## Task requirements
Retype the lines from the one containing "new 2026 Audi RS 3" through the last line of the entries below, exactly and in full, omitting every image.

## Source material

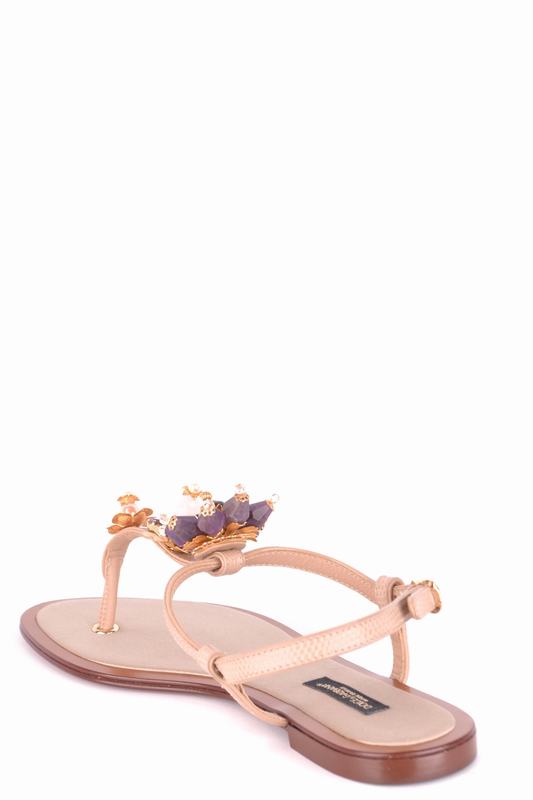 Dolce & Gabbana Sandali Codice prodotto: CQ0073 AD330 80703 SABBIA Spedizione gratuita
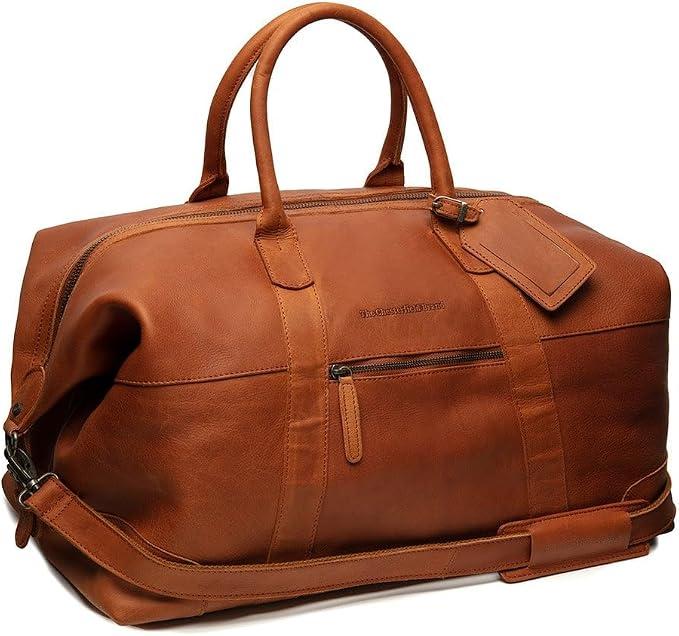Silecomplaza '- Leder Reisetasche Cognac Portsmouth
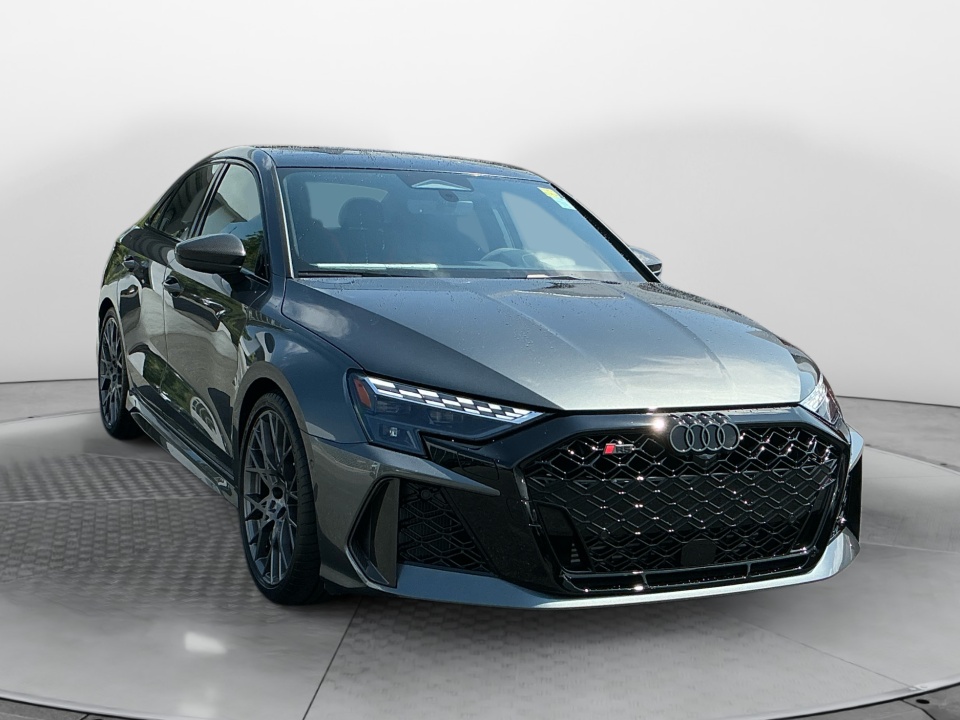 new 2026 Audi RS 3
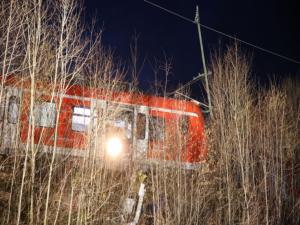 Almanya'da tren kazası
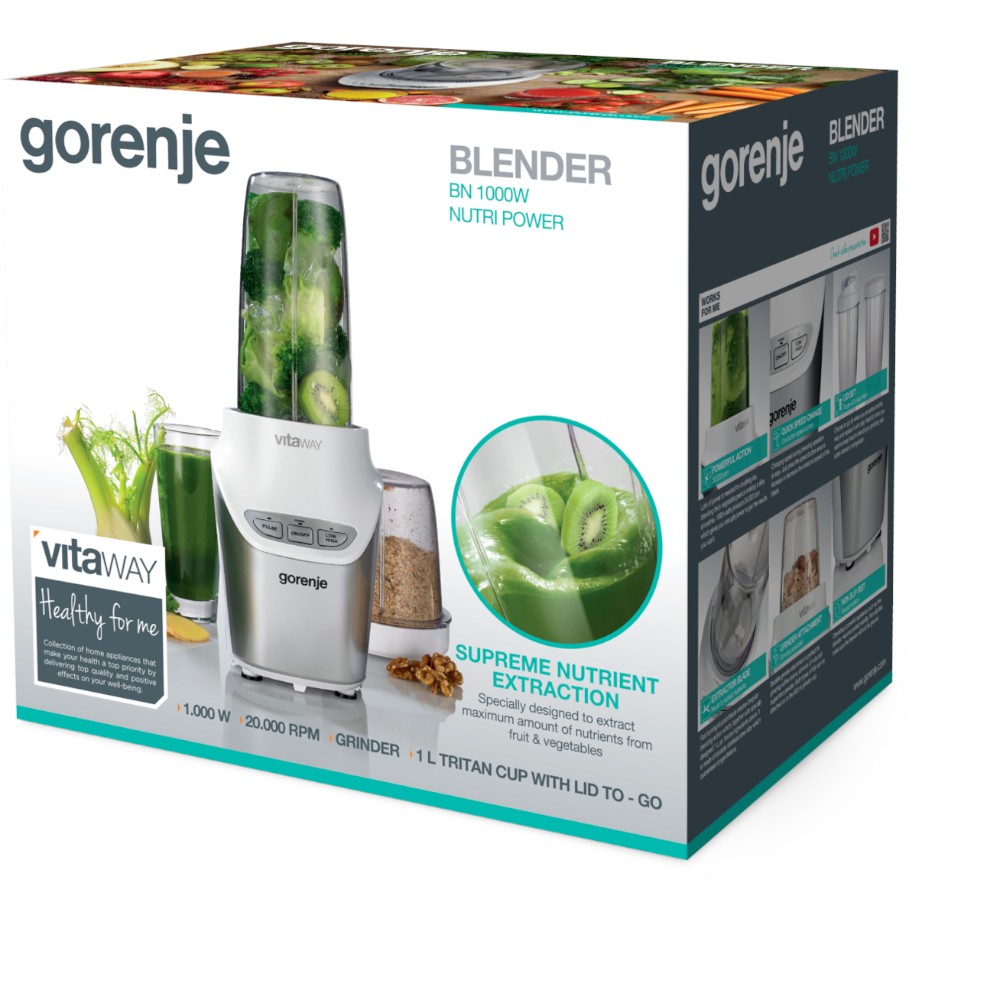 Gorenje-Nutri Power Blender 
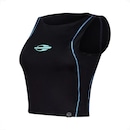 Top Cropped Mormaii Beach Tennis Vitória Marchezini - Feminino - Foto 2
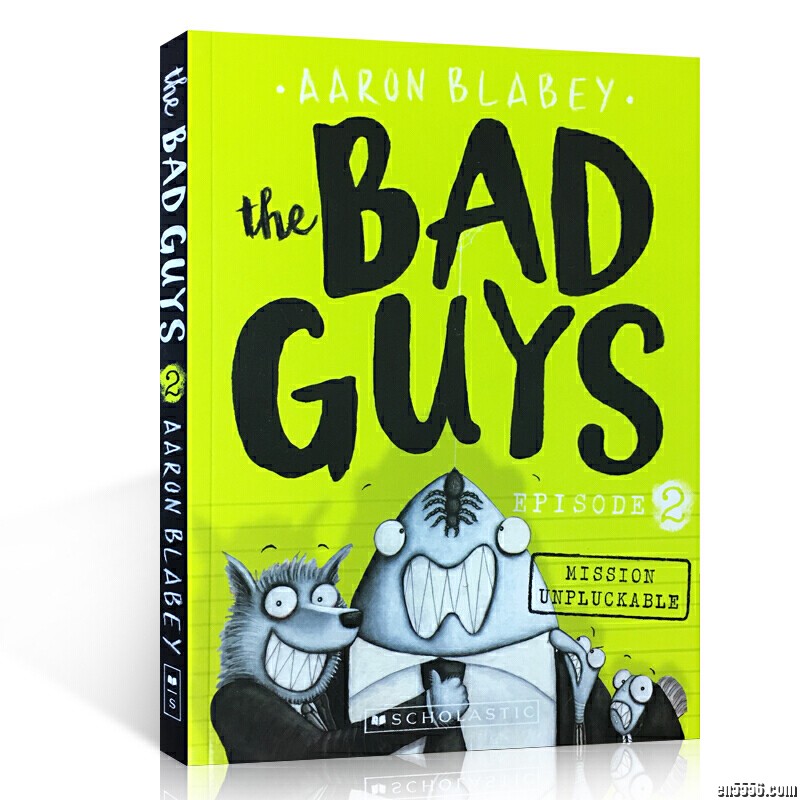 The Bad Guys Series 坏家伙 - Aaron Blabey 1-9桥梁书 [PDF+EPUB]2875 作者:one 帖子ID:248268 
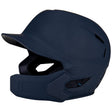 Champro HXE Matte Baseball Helmet w/Jaw Guard | Champro HXEMJG NAVY M Baseball Helmets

## Task response
 new 2026 Audi RS 3
 Almanya'da tren kazası
 Gorenje-Nutri Power Blender 
 Top Cropped Mormaii Beach Tennis Vitória Marchezini - Feminino - Foto 2
 The Bad Guys Series 坏家伙 - Aaron Blabey 1-9桥梁书 [PDF+EPUB]2875 作者:one 帖子ID:248268 
 Champro HXE Matte Baseball Helmet w/Jaw Guard | Champro HXEMJG NAVY M Baseball Helmets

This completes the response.